▶

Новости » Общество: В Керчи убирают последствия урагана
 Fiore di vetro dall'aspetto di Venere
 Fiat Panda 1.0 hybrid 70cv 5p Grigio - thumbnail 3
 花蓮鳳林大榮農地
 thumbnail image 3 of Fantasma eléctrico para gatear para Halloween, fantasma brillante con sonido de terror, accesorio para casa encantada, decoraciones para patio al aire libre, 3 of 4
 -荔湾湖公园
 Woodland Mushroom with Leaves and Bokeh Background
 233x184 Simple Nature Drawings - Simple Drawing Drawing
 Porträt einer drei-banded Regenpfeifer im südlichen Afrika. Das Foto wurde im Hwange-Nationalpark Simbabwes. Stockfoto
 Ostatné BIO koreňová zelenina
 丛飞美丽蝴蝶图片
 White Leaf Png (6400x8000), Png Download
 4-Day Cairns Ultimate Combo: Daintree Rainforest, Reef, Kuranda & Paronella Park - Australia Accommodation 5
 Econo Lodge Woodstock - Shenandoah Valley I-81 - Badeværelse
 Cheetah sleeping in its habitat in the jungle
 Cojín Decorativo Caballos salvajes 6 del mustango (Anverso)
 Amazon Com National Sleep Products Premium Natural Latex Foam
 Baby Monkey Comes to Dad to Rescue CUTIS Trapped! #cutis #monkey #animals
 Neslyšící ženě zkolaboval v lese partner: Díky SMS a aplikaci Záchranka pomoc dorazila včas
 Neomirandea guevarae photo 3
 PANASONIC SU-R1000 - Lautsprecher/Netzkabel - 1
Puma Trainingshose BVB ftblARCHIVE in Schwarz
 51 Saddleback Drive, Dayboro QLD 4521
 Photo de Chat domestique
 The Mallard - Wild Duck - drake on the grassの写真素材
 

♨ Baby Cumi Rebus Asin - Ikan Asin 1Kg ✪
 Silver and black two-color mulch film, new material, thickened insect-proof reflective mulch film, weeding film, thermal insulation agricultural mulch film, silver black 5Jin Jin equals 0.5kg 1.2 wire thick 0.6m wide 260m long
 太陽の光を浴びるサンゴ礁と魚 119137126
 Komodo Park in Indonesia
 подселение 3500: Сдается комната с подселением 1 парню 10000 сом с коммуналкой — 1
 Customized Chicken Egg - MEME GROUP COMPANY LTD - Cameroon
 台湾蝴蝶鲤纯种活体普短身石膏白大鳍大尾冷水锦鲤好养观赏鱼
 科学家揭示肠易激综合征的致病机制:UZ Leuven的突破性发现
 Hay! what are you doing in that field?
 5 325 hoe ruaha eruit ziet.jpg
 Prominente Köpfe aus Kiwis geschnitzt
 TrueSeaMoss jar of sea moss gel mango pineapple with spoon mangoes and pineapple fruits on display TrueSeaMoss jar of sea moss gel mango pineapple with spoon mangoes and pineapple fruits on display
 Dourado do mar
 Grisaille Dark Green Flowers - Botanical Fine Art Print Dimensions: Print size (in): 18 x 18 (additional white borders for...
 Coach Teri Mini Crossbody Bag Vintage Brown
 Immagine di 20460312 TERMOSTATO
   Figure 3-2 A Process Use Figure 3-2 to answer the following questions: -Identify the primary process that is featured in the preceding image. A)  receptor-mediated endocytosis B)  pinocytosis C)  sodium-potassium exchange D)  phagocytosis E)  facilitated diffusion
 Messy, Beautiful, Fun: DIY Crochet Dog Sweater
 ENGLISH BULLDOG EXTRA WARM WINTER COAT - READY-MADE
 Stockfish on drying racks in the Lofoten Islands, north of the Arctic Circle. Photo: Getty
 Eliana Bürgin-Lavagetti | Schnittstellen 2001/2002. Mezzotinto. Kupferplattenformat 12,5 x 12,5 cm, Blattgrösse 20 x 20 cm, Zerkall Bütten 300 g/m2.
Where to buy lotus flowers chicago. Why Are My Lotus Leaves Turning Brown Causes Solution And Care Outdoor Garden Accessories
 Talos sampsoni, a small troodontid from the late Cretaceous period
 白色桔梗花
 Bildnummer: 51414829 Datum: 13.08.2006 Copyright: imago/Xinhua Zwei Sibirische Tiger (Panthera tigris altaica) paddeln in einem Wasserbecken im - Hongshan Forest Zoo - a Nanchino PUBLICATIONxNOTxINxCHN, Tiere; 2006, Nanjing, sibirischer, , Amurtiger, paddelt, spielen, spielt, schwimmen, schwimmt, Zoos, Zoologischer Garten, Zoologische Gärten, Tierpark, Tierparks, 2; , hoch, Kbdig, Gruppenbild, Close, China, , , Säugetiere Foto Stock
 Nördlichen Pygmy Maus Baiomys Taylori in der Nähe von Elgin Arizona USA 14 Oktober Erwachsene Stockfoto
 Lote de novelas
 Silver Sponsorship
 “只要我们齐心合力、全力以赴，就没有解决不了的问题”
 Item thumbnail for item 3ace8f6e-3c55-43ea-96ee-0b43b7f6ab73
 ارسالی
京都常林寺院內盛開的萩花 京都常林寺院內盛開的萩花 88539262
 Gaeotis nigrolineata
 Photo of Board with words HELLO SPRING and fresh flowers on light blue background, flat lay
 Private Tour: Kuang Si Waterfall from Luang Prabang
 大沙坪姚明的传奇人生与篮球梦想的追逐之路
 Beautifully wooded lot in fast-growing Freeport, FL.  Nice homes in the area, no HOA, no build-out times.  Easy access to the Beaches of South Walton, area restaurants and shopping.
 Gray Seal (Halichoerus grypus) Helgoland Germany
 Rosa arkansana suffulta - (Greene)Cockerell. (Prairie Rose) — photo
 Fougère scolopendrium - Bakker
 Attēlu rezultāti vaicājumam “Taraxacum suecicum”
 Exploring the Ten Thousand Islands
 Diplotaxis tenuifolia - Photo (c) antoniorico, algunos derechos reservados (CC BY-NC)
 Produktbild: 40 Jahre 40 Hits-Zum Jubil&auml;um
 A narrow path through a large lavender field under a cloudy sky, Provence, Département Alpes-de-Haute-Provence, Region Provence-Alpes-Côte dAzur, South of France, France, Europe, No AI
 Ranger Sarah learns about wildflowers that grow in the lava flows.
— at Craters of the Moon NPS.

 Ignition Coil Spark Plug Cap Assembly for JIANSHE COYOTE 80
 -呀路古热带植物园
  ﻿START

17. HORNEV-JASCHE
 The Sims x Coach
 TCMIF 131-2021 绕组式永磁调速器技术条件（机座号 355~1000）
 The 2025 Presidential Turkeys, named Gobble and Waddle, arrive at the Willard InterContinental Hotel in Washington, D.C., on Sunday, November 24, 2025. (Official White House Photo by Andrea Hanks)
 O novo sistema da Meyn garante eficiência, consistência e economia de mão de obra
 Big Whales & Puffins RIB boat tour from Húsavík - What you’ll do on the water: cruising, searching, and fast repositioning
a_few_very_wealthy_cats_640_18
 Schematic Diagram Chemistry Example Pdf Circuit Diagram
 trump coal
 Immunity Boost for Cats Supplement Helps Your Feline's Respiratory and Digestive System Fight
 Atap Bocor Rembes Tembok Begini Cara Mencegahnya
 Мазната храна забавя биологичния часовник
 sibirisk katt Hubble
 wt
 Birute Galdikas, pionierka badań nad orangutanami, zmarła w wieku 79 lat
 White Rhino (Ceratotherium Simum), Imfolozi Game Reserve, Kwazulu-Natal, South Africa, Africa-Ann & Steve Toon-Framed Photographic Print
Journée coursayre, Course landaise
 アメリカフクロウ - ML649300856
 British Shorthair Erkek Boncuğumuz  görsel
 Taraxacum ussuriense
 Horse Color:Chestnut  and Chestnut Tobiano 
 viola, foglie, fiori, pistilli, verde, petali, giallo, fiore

◀

§ **What you have to do**
Return the material exactly as it stands.

§ **Solved exercise**
Новости » Общество: В Керчи убирают последствия урагана
 Fiore di vetro dall'aspetto di Venere
 Fiat Panda 1.0 hybrid 70cv 5p Grigio - thumbnail 3
 花蓮鳳林大榮農地
 thumbnail image 3 of Fantasma eléctrico para gatear para Halloween, fantasma brillante con sonido de terror, accesorio para casa encantada, decoraciones para patio al aire libre, 3 of 4
 -荔湾湖公园
 Woodland Mushroom with Leaves and Bokeh Background
 233x184 Simple Nature Drawings - Simple Drawing Drawing
 Porträt einer drei-banded Regenpfeifer im südlichen Afrika. Das Foto wurde im Hwange-Nationalpark Simbabwes. Stockfoto
 Ostatné BIO koreňová zelenina
 丛飞美丽蝴蝶图片
 White Leaf Png (6400x8000), Png Download
 4-Day Cairns Ultimate Combo: Daintree Rainforest, Reef, Kuranda & Paronella Park - Australia Accommodation 5
 Econo Lodge Woodstock - Shenandoah Valley I-81 - Badeværelse
 Cheetah sleeping in its habitat in the jungle
 Cojín Decorativo Caballos salvajes 6 del mustango (Anverso)
 Amazon Com National Sleep Products Premium Natural Latex Foam
 Baby Monkey Comes to Dad to Rescue CUTIS Trapped! #cutis #monkey #animals
 Neslyšící ženě zkolaboval v lese partner: Díky SMS a aplikaci Záchranka pomoc dorazila včas
 Neomirandea guevarae photo 3
 PANASONIC SU-R1000 - Lautsprecher/Netzkabel - 1
Puma Trainingshose BVB ftblARCHIVE in Schwarz
 51 Saddleback Drive, Dayboro QLD 4521
 Photo de Chat domestique
 The Mallard - Wild Duck - drake on the grassの写真素材
 

♨ Baby Cumi Rebus Asin - Ikan Asin 1Kg ✪
 Silver and black two-color mulch film, new material, thickened insect-proof reflective mulch film, weeding film, thermal insulation agricultural mulch film, silver black 5Jin Jin equals 0.5kg 1.2 wire thick 0.6m wide 260m long
 太陽の光を浴びるサンゴ礁と魚 119137126
 Komodo Park in Indonesia
 подселение 3500: Сдается комната с подселением 1 парню 10000 сом с коммуналкой — 1
 Customized Chicken Egg - MEME GROUP COMPANY LTD - Cameroon
 台湾蝴蝶鲤纯种活体普短身石膏白大鳍大尾冷水锦鲤好养观赏鱼
 科学家揭示肠易激综合征的致病机制:UZ Leuven的突破性发现
 Hay! what are you doing in that field?
 5 325 hoe ruaha eruit ziet.jpg
 Prominente Köpfe aus Kiwis geschnitzt
 TrueSeaMoss jar of sea moss gel mango pineapple with spoon mangoes and pineapple fruits on display TrueSeaMoss jar of sea moss gel mango pineapple with spoon mangoes and pineapple fruits on display
 Dourado do mar
 Grisaille Dark Green Flowers - Botanical Fine Art Print Dimensions: Print size (in): 18 x 18 (additional white borders for...
 Coach Teri Mini Crossbody Bag Vintage Brown
 Immagine di 20460312 TERMOSTATO
   Figure 3-2 A Process Use Figure 3-2 to answer the following questions: -Identify the primary process that is featured in the preceding image. A)  receptor-mediated endocytosis B)  pinocytosis C)  sodium-potassium exchange D)  phagocytosis E)  facilitated diffusion
 Messy, Beautiful, Fun: DIY Crochet Dog Sweater
 ENGLISH BULLDOG EXTRA WARM WINTER COAT - READY-MADE
 Stockfish on drying racks in the Lofoten Islands, north of the Arctic Circle. Photo: Getty
 Eliana Bürgin-Lavagetti | Schnittstellen 2001/2002. Mezzotinto. Kupferplattenformat 12,5 x 12,5 cm, Blattgrösse 20 x 20 cm, Zerkall Bütten 300 g/m2.
Where to buy lotus flowers chicago. Why Are My Lotus Leaves Turning Brown Causes Solution And Care Outdoor Garden Accessories
 Talos sampsoni, a small troodontid from the late Cretaceous period
 白色桔梗花
 Bildnummer: 51414829 Datum: 13.08.2006 Copyright: imago/Xinhua Zwei Sibirische Tiger (Panthera tigris altaica) paddeln in einem Wasserbecken im - Hongshan Forest Zoo - a Nanchino PUBLICATIONxNOTxINxCHN, Tiere; 2006, Nanjing, sibirischer, , Amurtiger, paddelt, spielen, spielt, schwimmen, schwimmt, Zoos, Zoologischer Garten, Zoologische Gärten, Tierpark, Tierparks, 2; , hoch, Kbdig, Gruppenbild, Close, China, , , Säugetiere Foto Stock
 Nördlichen Pygmy Maus Baiomys Taylori in der Nähe von Elgin Arizona USA 14 Oktober Erwachsene Stockfoto
 Lote de novelas
 Silver Sponsorship
 “只要我们齐心合力、全力以赴，就没有解决不了的问题”
 Item thumbnail for item 3ace8f6e-3c55-43ea-96ee-0b43b7f6ab73
 ارسالی
京都常林寺院內盛開的萩花 京都常林寺院內盛開的萩花 88539262
 Gaeotis nigrolineata
 Photo of Board with words HELLO SPRING and fresh flowers on light blue background, flat lay
 Private Tour: Kuang Si Waterfall from Luang Prabang
 大沙坪姚明的传奇人生与篮球梦想的追逐之路
 Beautifully wooded lot in fast-growing Freeport, FL.  Nice homes in the area, no HOA, no build-out times.  Easy access to the Beaches of South Walton, area restaurants and shopping.
 Gray Seal (Halichoerus grypus) Helgoland Germany
 Rosa arkansana suffulta - (Greene)Cockerell. (Prairie Rose) — photo
 Fougère scolopendrium - Bakker
 Attēlu rezultāti vaicājumam “Taraxacum suecicum”
 Exploring the Ten Thousand Islands
 Diplotaxis tenuifolia - Photo (c) antoniorico, algunos derechos reservados (CC BY-NC)
 Produktbild: 40 Jahre 40 Hits-Zum Jubil&auml;um
 A narrow path through a large lavender field under a cloudy sky, Provence, Département Alpes-de-Haute-Provence, Region Provence-Alpes-Côte dAzur, South of France, France, Europe, No AI
 Ranger Sarah learns about wildflowers that grow in the lava flows.
— at Craters of the Moon NPS.

 Ignition Coil Spark Plug Cap Assembly for JIANSHE COYOTE 80
 -呀路古热带植物园
  ﻿START

17. HORNEV-JASCHE
 The Sims x Coach
 TCMIF 131-2021 绕组式永磁调速器技术条件（机座号 355~1000）
 The 2025 Presidential Turkeys, named Gobble and Waddle, arrive at the Willard InterContinental Hotel in Washington, D.C., on Sunday, November 24, 2025. (Official White House Photo by Andrea Hanks)
 O novo sistema da Meyn garante eficiência, consistência e economia de mão de obra
 Big Whales & Puffins RIB boat tour from Húsavík - What you’ll do on the water: cruising, searching, and fast repositioning
a_few_very_wealthy_cats_640_18
 Schematic Diagram Chemistry Example Pdf Circuit Diagram
 trump coal
 Immunity Boost for Cats Supplement Helps Your Feline's Respiratory and Digestive System Fight
 Atap Bocor Rembes Tembok Begini Cara Mencegahnya
 Мазната храна забавя биологичния часовник
 sibirisk katt Hubble
 wt
 Birute Galdikas, pionierka badań nad orangutanami, zmarła w wieku 79 lat
 White Rhino (Ceratotherium Simum), Imfolozi Game Reserve, Kwazulu-Natal, South Africa, Africa-Ann & Steve Toon-Framed Photographic Print
Journée coursayre, Course landaise
 アメリカフクロウ - ML649300856
 British Shorthair Erkek Boncuğumuz  görsel
 Taraxacum ussuriense
 Horse Color:Chestnut  and Chestnut Tobiano 
 viola, foglie, fiori, pistilli, verde, petali, giallo, fiore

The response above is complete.